日本が誇るスーパーコンピューター京の処理速度は10の16乗ですから、京はすでに人間の通常状態の脳の処理速度には達していることになります。かといって、京が人間のような複雑な演算処理が可能かといえば、現状ではどう考えても不可能なのです。そもそも人間にはまだ解析できていない未知の部分が残っていますし、10の16乗という処理速度が何十、何百という並列処理をしている可能性もあるからです。
もうずいぶんと前になりますが、あるビジネス雑誌で人間の直感についての記事がありました。その中では、人間が直感を感じたときの処理速度を計算すると、たしか10の53乗とか55乗とか書かれていた記憶があります。10の50乗といえば、とてつもない処理速度です。
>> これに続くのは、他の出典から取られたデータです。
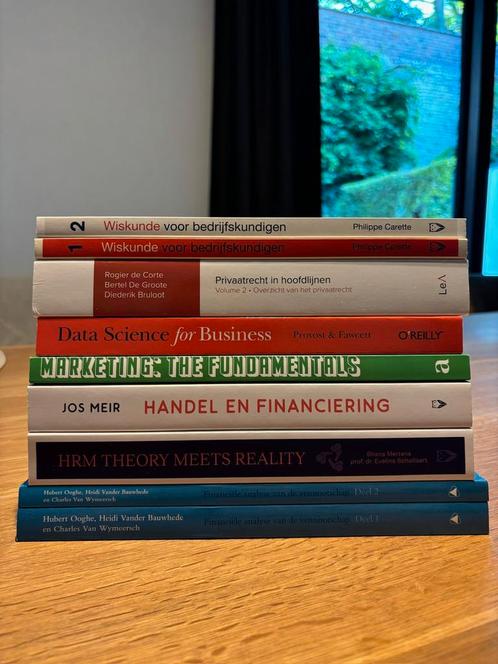 Boeken schakeljaar Handelswetenschappen aan UGent, Boeken, Studieboeken en Cursussen, Zo goed als nieuw, Ophalen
まずこの速度を達成するために、ハード面の開発に時間がかかります。仮に10年くらいでこの処理速度に到達できたとしましょう。
次に問題となってくるのがデータです。
いくら処理速度を上げたからといって、それだけで人間を超えることはできません。超高速の演算処理を活かすためには、同時に超がつくほど膨大な量のデータが必要になるからです。
今現在、ネットや世界中のPCには膨大なデータが溢れていますが、そのほとんどは文字や音声、画像、動画情報にとどまっています。AIが人間を超えるためには、これらの情報だけではどう考えても不十分です。人間の思考や判断というのは、そのときの精神状態や体調、そして周囲の環境といったものにまで左右される、想像以上に複雑なものだからです。
今後、AIが必要とするデータは、たんに文字、音声、画像だけでなく、人間の感覚、心の働き、体内の化学反応にまでおよんでいくでしょう。そして、これらの外部環境との関連性についてもリアルタイムで監視する必要があります。人間の感覚については、近年解析と開発が進んできていますが、2020年時点では人間と同等の感覚を得るまでに至っていません。
人間の心の働き、体内の化学反応についても、解析の余地が十二分に残っている状態です。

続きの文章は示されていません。